- ABOUT THIS TASK
Set down exactly the lines of the listing below that begin at the one containing "Octavius, Gift'S Select" and end at the last line, both included.
━━━
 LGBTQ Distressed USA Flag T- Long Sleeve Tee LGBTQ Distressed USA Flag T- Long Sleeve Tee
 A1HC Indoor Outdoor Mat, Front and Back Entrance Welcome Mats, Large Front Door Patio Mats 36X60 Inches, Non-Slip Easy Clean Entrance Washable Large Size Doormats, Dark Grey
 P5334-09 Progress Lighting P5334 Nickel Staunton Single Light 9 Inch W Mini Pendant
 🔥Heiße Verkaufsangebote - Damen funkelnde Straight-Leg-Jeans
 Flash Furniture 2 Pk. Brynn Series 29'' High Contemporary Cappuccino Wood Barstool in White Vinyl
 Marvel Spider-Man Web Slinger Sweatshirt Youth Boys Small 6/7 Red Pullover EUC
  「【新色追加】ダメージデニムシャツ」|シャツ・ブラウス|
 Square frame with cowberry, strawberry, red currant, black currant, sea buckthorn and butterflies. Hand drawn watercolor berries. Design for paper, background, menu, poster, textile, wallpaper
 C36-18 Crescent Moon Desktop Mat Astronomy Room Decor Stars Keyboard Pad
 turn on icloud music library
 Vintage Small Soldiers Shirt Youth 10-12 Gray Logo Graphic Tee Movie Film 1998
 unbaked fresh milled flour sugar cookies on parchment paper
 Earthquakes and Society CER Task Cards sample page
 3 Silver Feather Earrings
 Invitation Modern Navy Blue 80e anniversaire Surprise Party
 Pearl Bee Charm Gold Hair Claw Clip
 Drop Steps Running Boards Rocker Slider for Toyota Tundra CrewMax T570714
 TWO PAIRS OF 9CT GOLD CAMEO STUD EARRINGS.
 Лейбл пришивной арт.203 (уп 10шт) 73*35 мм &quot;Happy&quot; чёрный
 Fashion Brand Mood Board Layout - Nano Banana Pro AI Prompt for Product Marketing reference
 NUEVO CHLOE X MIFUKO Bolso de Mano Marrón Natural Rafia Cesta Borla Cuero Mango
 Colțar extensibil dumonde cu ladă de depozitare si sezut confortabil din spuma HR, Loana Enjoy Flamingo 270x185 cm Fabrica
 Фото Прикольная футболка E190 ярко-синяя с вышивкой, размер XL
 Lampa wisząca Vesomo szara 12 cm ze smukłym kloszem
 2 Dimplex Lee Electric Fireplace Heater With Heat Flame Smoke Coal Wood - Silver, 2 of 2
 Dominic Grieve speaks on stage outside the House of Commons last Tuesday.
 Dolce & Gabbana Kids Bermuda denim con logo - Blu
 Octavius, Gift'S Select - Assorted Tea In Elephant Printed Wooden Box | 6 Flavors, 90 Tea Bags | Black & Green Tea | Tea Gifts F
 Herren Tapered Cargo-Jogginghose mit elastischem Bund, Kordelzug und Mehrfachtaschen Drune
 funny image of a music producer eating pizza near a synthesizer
━━━
- SOLUTION FOR THIS TASK
 Octavius, Gift'S Select - Assorted Tea In Elephant Printed Wooden Box | 6 Flavors, 90 Tea Bags | Black & Green Tea | Tea Gifts F
 Herren Tapered Cargo-Jogginghose mit elastischem Bund, Kordelzug und Mehrfachtaschen Drune
 funny image of a music producer eating pizza near a synthesizer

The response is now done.